IMO, this is getting awfully close to asking us to prove a negative. We know what we know about batted ball contact and that obviously plays a big part – esp. IFFBs. Without access to a large set of HITf/x data, I’m not sure we can do what you ask.

Yup, that’s the point. If it cannot be proven, then I don’t think it’s fair to label pitchers as hittable or possessing the skill to induce weak contact.

dl80 says:

Using standard deviations, can’t we figure out that a certain number or percentage of pitchers are likely to have an abnormally low (at least 1 SD) BABIP for 1, 2, 3, even 4 years in a row, even just if BABIP is absolutely all luck-based? We have no way to predict which pitcher it will be, but it’s possible someone like Matt Cain or Kyle Lohse are just outliers because, statistically speaking, there has to be an outlier. It just happens to be them.

BINGO again! I can’t remember where I read it, perhaps Tom Tango’s The Book Blog, but it’s an important reminder. Somebody is going to have a low or inflated BABIP several years in a row due to just randomness. It’s kind of like the sports gambling best bets scam. The advice site will tell 1,000 customers their Best Best is the Yankees and the other 1,000 the Red Sox, when the teams are facing each other. Half of those customers will be happy and pay for another Best Bet. They repeat, this time with 500 happy and paying up. Over and over again it continues until the pool of repeat customers dwindles. But that pool just won many games in a row and believes the advice site is brilliant. They had no idea what scam they just pulled.

What about pitchers who throw a fastball/sinker/cutter that tails away from the plate? If a righthanded pitcher throws a fastball/sinker/whatever that has glove side run, it will obviously tail away from righties. If this pitcher tends to throw on (and just off) the outer half of the plate a lot, that pitch may be really hard for righties to square up correctly. Obviously, that would be the opposite of lefties, and presumably righties could eventually wait on that pitch and still hit it. But I wonder if a pitch tailing off and away is harder to get good contact (and presumably more likely to have a lower BABIP)?
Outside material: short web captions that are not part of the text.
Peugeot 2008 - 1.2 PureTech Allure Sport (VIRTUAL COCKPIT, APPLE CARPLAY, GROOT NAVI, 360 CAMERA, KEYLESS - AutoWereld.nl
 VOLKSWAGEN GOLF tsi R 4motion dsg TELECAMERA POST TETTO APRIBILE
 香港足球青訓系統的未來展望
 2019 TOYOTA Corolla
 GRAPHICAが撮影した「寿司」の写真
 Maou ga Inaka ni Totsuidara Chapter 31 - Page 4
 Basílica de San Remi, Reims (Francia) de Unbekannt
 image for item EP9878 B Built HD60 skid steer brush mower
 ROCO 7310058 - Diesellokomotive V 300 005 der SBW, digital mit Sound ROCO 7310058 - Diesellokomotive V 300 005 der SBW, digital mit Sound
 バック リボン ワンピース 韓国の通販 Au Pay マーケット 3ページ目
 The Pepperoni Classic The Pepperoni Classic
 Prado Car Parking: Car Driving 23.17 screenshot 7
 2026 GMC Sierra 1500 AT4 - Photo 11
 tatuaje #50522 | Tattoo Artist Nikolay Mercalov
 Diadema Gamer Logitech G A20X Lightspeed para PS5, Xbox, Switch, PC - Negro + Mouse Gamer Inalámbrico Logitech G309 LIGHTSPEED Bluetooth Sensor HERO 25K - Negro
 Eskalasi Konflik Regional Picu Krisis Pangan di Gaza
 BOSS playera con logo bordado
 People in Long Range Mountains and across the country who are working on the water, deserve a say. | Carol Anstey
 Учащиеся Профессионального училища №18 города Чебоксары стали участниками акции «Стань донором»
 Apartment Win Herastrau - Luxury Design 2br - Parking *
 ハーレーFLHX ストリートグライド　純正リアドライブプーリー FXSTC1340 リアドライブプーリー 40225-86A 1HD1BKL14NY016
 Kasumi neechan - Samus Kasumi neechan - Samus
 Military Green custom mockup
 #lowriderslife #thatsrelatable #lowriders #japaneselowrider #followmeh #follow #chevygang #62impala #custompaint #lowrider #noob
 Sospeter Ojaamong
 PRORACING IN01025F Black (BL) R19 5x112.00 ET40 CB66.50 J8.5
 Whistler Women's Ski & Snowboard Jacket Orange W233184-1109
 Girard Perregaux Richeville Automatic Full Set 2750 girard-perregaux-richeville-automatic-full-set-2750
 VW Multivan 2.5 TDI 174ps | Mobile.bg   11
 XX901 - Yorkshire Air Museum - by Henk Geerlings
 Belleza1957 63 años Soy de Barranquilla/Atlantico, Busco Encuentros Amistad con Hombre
Does a large differential between a fastball and breaking ball and/or changeup make a difference? Do guys with 10 mph between fastball and breaking ball, and another 10 between breaking ball and changeup, tend to have lower BABIP? Do guys with a smaller difference have a higher BABIP?

The first idea is is a pitch movement and location theory. With the data we have available now, could this even be researched? I have no idea. But it’s something to consider. The next idea is also intriguing. I know Eno has found that a smaller differential between fastball and changeup produces more grounders, while a larger differential induces swings and misses. I wonder if the differential also affects BABIP.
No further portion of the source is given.